For a nice collection of Hitchens' essays, visit Tablet's roundup, "Just Enough Hitch, For A Day."

Addendum: I opened this brief eulogy by likening Hitchens to Chesterton. Two days ago, when I wrote the above, I didn't realize that one of Hitchens' final deadlines was a review of the new biography of Chesterton by Ian Ker. I learned this fact in the course of reading Ian McEwan's moving tribute to Hitchens in the New York Times.
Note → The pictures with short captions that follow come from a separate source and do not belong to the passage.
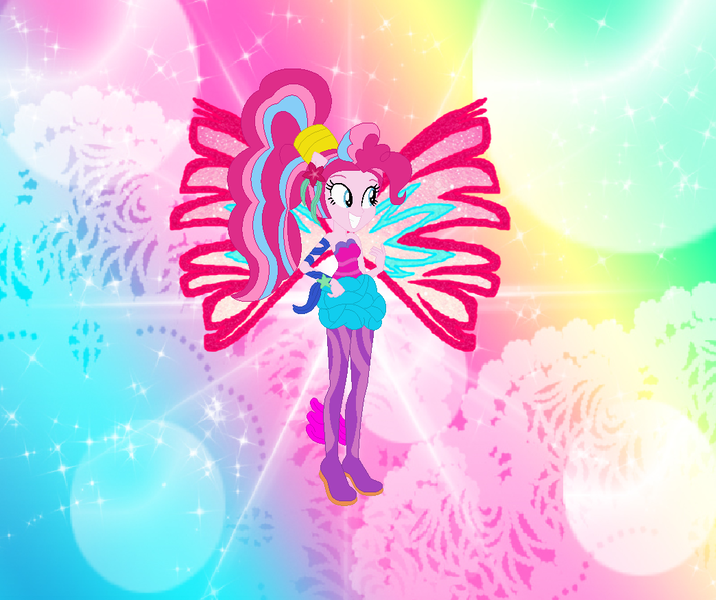 Size: 1044x875 | Tagged: safe, artist:magical-mama, artist:selenaede, artist:user15432, derpibooru import, pinkie pie, fairy, human, equestria girls, alternate hairstyle, barely eqg related, base used, clothes, colored wings, crossover, fairy wings, fairyized, fins, flower, flower in hair, gradient wings, hand on hip, image, long hair, pink flowers, pink wings, png, ponied up, ponytail, rainbow background, rainbow s.r.l, shoes, sirenix, wings, winx, winx club, winxified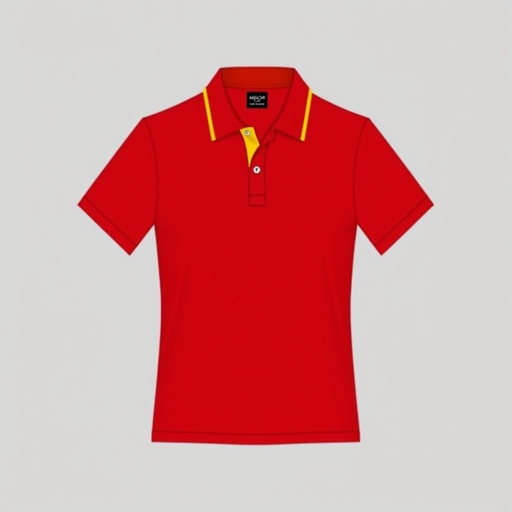 mockup design, Design a sleek polo shirt featuring a 2.5-inch collar in a vibrant red fabric. Accentuate the collar with elegant gold or eye-catching yellow trim for a stylish contrast. The shirt should have a modern fit, short sleeves, and a subtly embroidered logo on the chest, perfect for casual outings or sporty events.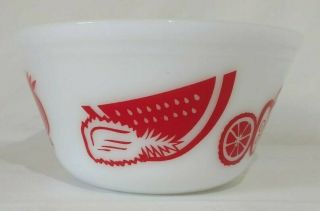 RARE Federal Glass Fruit Fare w/ RED Sliced Onion Mixing Bowl Pyrex Milk Glass 3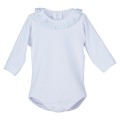 Calamaro Baby - Body bebé M/L cuello puntilla celeste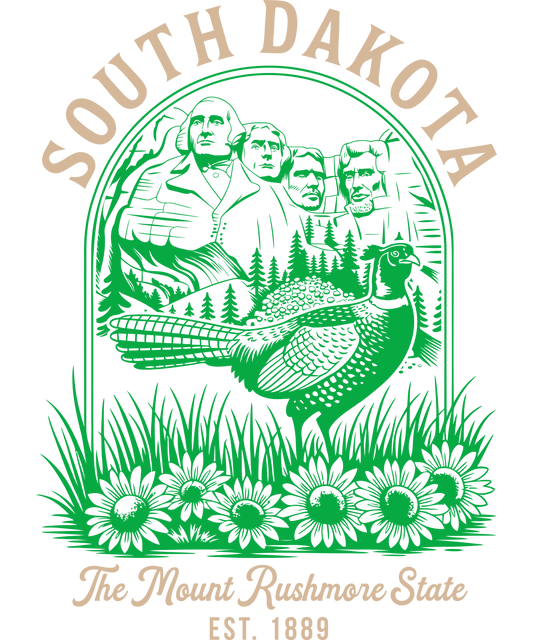 Vintage-style illustration of South Dakota featuring Mount Rushmore, pine trees, and sunflowers with the text "The Mount Rushmore State."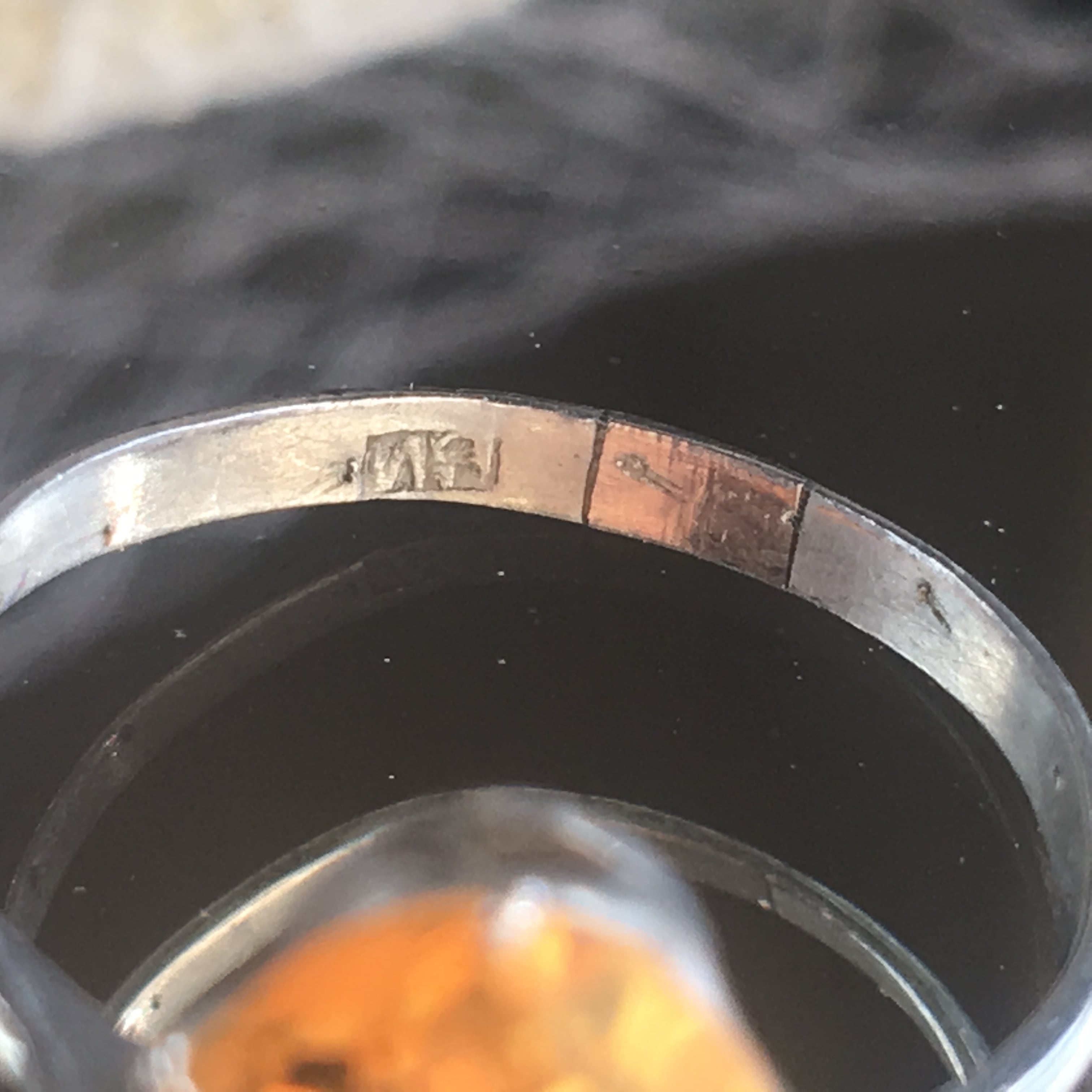 昭和初期 シトリン多面カット クラウン留めリング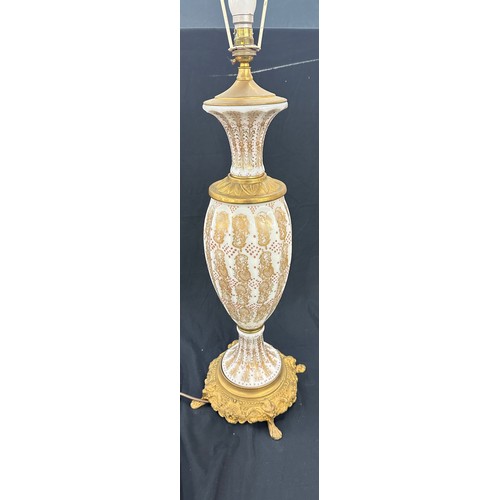 217 - Tall brass and opaque lamp with shade, working order, height of lamp with shade: 43 inches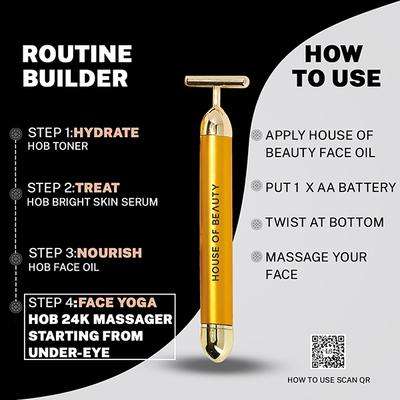 House of Beauty 24K Face Massager Kit For Undereye Puffiness, Dark Circles,Face Tightening (3Pc) 1's - Massagers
For those who, like me, mourn the loss of a keen, energetic spirit and intellect, I can't recommend the McEwan piece enough.

Image credit: ripped from


andrea said...

I just listened to a rebroadcast of CBC's Jian Ghomeshi interviewing Hitchens in June 2009. Ghomeshi asked him what makes life worth living, and he answered: "Irony, literature, laughing at the misfortunes of others, love, being vindicated/proven right and, oh yes, did I mention laughing at the misfortunes of others?" He was unique.

Hungry Hyaena said...

@ Andrea:

"Unique," indeed. My admiration for the man abounds, despite his vindictiveness. We all have our failings, and complicated figures -- especially those who are willing to wink at their own foibles (if not actually wrestle with them) -- are among the most interesting.

andrea said...

Thanks for the addendum. I love Ian McEwan and will head over there after this!